# Was tun bei starkem Wind?



## kuhnikuehnast (26. Oktober 2014)

Hi,
Bin gerade in Tarifa (Meerenge von Gibrltar) am Angeln. Problem hier, das man quasi pausenlos starken Wind hat. Optimal zum kiten,  bedingt optimal zum Brandungsangeln. Mir wird ständig der Köder abgefressen,  aufgrund starken Wellengangs und Windes bekomme ich die Bisse nicht mit... Hat jemand evtl Tipps? Würde nur ungern als Schneider nach hause gehen [emoji4] 

LG kuhni


----------



## maik79 (26. Oktober 2014)

*AW: Was tun bei starkem Wind?*

hallo versuchmal mit kürzern mundschnüren


----------



## Herbynor (26. Oktober 2014)

*AW: Was tun bei starkem Wind?*

Es gibt so ganz dünne Gummi Bänder zum sichern der Köder.
In den Gegenden wird das gerne benutzt, man macht sein Ködermaterial ( Muschelfleisch) auf den Haken und wickelt das Gummiband viele male rund herrum bis der Köder so fest ist das sie es nicht mehr abfressen können.
Nun Petri heil Herbynor


----------



## kuhnikuehnast (26. Oktober 2014)

*AW: Was tun bei starkem Wind?*

Aber wie spürt man dann den Biss? Erst beim Einkurbeln? Anschlagen ist ja nicht so richtig möglich, da die Rutenspitze durch Wind und Wellen die ganze Zeit wippt...


----------



## SiggiSorglos (26. Oktober 2014)

*AW: Was tun bei starkem Wind?*

Wie schon geschrieben wurde.  Mundschnur kuerzen. Normalerweise haken sich die Fische eh selbe. Kannst auch mal gucken ob die haken gut geschraenkt sind.  Wenn nicht nachbiegen.

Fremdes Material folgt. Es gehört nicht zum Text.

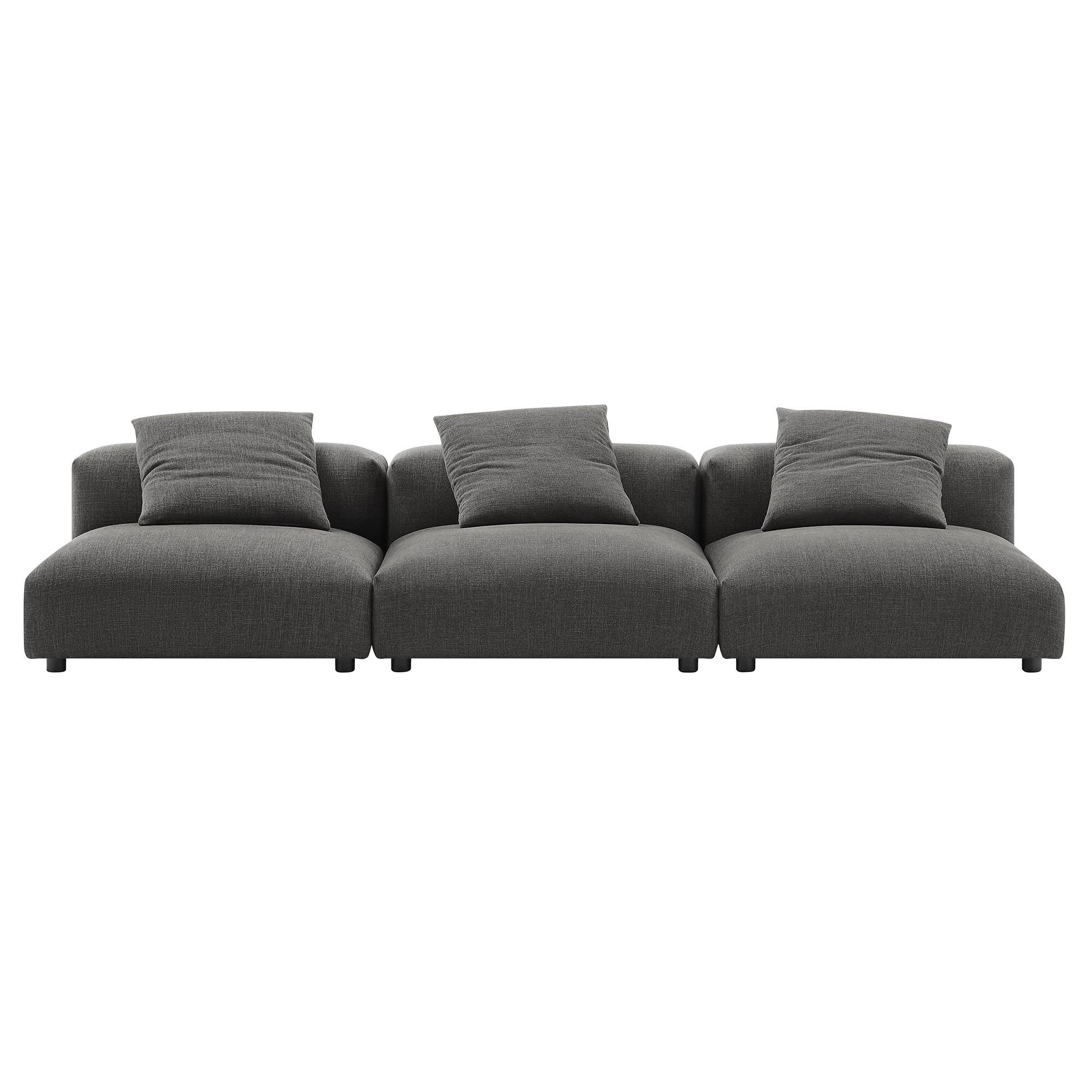 Alt View 1. Modway - Solace 3-Piece Modular Upholstered Fabric Sofa by Modway - Gray.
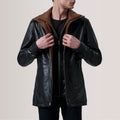 Connor Black Leather Coat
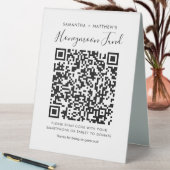 Plaque De Table Fonds de lune de miel Mariage moderne QR Code Dons (En SItu (Tableau))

Vielleicht auch mal kleinere haken nehmen.  In Frankreich habe ich die doraden mit achter haken gefangen


----------



## NaturalBornFisher (26. Oktober 2014)

*AW: Was tun bei starkem Wind?*

Vielleicht hilft es auch, das Bleigewicht zu erhöhen, zum besseren Abspannen und eine Laufbleimontage zu wählen. Kleinere Haken hört sich gut an... Welche Köder fischt du? Zielfisch bekannt? Strand oder Klippen?

Petri, Carsten


----------



## kuhnikuehnast (27. Oktober 2014)

*AW: Was tun bei starkem Wind?*

Habe schon mit 190g Krallenblei abgespannt. Aber bei Windstärken von dauernd mindestens 10 Knoten ist das echt schwierig. Zierfisch ist völlig egal  ich wäre froh wenn überhaupt mal was beißen würde! Hakengröße dürfte so um 1 liegen. Versuche mich mit fertig gebundenen Meeresvorfächern. Als Köder dienen Seeringelwürmer.


----------



## SiggiSorglos (27. Oktober 2014)

*AW: Was tun bei starkem Wind?*

Viel zu groß für das Mittelmeer.  Mach kleine haken dran. 
Als Köder kannst mal putenbrust probieren.  In streifen schneiden und dann in Salz schmeißen. Wird dann wie Gummi
Und sobald es wieder nass wird wieder weich. 
Ubersteht auch gewahltwurfe.


----------



## Bellyboatangler (1. November 2014)

*AW: Was tun bei starkem Wind?*

sage nur bait elastic order arma mesh

http://www.ebay.co.uk/itm/Fox-NEW-Carp-Fishing-Arma-Mesh-Bait-Mesh-Systems-And-Refills-Full-Range-/291026936154?pt=UK_BOI_Packing_Postal_Supplies_Labels_LE&var=&hash=item43c28ea15a

orhttp://www.ebay.co.uk/itm/5-spools-of-bait-elastic-dispenser-for-peeler-crab-lug-frozen-bait-/181468256346?pt=UK_BOI_Packing_Postal_Supplies_Labels_LE&hash=item2a4059d85a


----------



## SiggiSorglos (2. November 2014)

*AW: Was tun bei starkem Wind?*

Das Gummi band gibt es für nen Euro in jedem Stoffladen. Funktioniert genau so gut


----------